From: "Thomas Hellström (VMware)" <thomas_os@shipmail.org>
To: Linus Torvalds <torvalds@linux-foundation.org>,
Thomas Hellstrom <thellstrom@vmware.com>
Cc: Linux-MM <linux-mm@kvack.org>,
"Linux Kernel Mailing List" <linux-kernel@vger.kernel.org>,
"Andrew Morton" <akpm@linux-foundation.org>,
"Matthew Wilcox" <willy@infradead.org>,
"Will Deacon" <will.deacon@arm.com>,
"Peter Zijlstra" <peterz@infradead.org>,
"Rik van Riel" <riel@surriel.com>,
"Minchan Kim" <minchan@kernel.org>,
"Michal Hocko" <mhocko@suse.com>,
"Huang Ying" <ying.huang@intel.com>,
"Jérôme Glisse" <jglisse@redhat.com>,
"Kirill A . Shutemov" <kirill@shutemov.name>
Subject: Re: [PATCH v3 3/7] mm: Add write-protect and clean utilities for address space ranges
Date: Thu, 3 Oct 2019 20:03:12 +0200 [thread overview]

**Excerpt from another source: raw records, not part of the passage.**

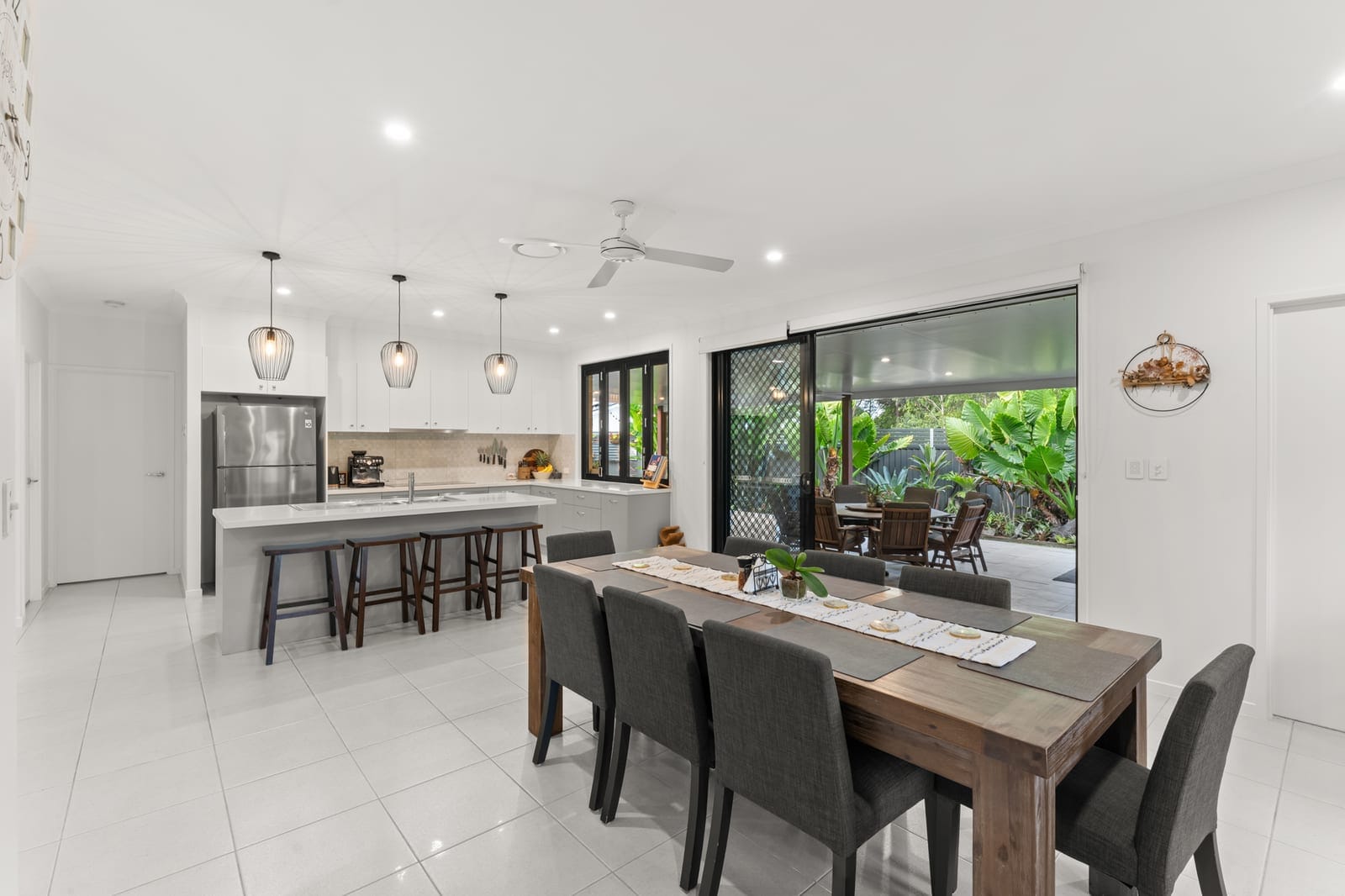 The Ultimate Family Upgrade - Space, Privacy & Lifestyle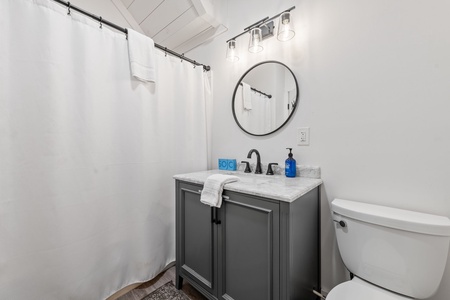 vLower Level Shared Bathroom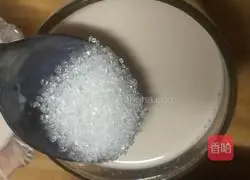 Illustration of how to make original pearl milk tea 5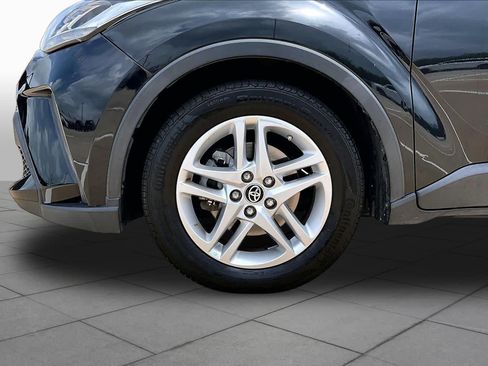 Used 2021 Toyota C-HR LE FWD image 11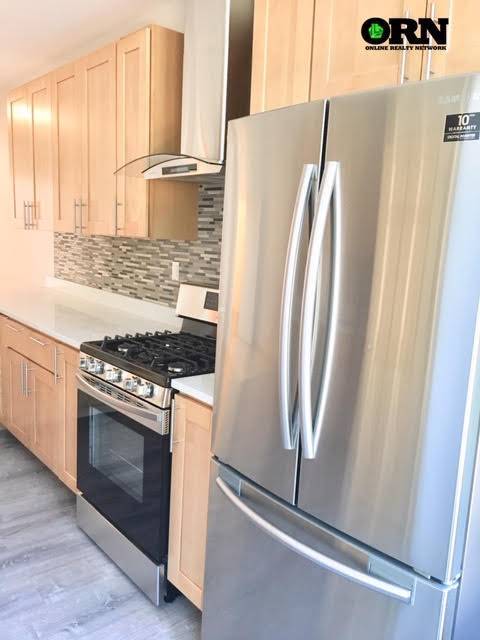 Building Photo - 54-38 Nurge Ave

Message-ID: <a3aebf74-be74-bf15-f016-da9734ba435a@shipmail.org> (raw)
In-Reply-To: <CAHk-=wj5NiFPouYd6zUgY4K7VovOAxQT-xhDRjD6j5hifBWi_g@mail.gmail.com>
On 10/3/19 6:55 PM, Linus Torvalds wrote:
>
> d) Fix the pte walker to do the right thing, then just use separate
> pte walkers in your code
>
> The fix would be those two conceptual changes:
>
> 1) don't split if the walker asks for a pmd_entry (the walker itself
> can then decide to split, of course, but right now no walkers want it
> since there are no pmd _and_ pte walkers, because people who want that
> do the pte walk themselves)
>
> 2) get the proper page table lock if you do walk the pte, since
> otherwise it's racy
>
> Then there won't be any code duplication, because all the duplication
> you now have at the pmd level is literally just workarounds for the
> fact that our current walker has this bug.

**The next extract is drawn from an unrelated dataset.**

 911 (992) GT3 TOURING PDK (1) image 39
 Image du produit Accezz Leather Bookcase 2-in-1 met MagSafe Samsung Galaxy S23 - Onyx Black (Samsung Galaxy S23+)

I actually started on d) already when Kirill asked me to unify the
pud_entry() and pmd_entry()
callbacks.
>
> That "fix the pte walker" would be one preliminary patch that would
> look something like the attached TOTALLY UNTESTED garbage.
>
> I call it "garbage" because I really hope people take it just as what
> it is: "something like this". It compiles for me, and I did try to
> think it through, but I might have missed some big piece of the
> picture when writing that patch.
>
> And yes, this is a much bigger conceptual change for the VM layer, but
> I really think our pagewalk code is actively buggy right now, and is
> forcing users to do bad things because they work around the existing
> limitations.
>
> Hmm? Could some of the core mm people look over that patch?
>
> And yes, I was tempted to move the proper pmd locking into the walker
> too, and do
>
> ptl = pmd_trans_huge_lock(pmd, vma);
> if (ptl) {
> err = ops->pmd_entry(pmd, addr, next, walk);
> spin_unlock(ptl);
> ...
>
> but while I think that's the correct thing to do in the long run, that
> would have to be done together with changing all the existing
> pmd_entry users. It would make the pmd_entry _solely_ handle the
> hugepage case, and then you'd have to remove the locking in the
> pmd_entry, and have to make the pte walking be a walker entry. But
> that would _really_ clean things up, and would make things like
> smaps_pte_range() much easier to read, and much more obvious (it would
> be split into a smaps_pmd_range and smaps_pte_range, and the callbacks
> wouldn't need to know about the complex locking).
>
> So I think this is the right direction to move into, but I do want
> people to think about this, and think about that next phase of doing
> the pmd_trans_huge_lock too.
>
> Comments?
>
> Linus
I think if we take the ptl lock outside the callback, we'd need to allow
the callback to unlock to do non-atomic things or to avoid recursive
locking if it decides to split in the callback. FWIW The pud_entry call
is being made locked, but the only current implementation appears to
happily ignore that from what I can tell.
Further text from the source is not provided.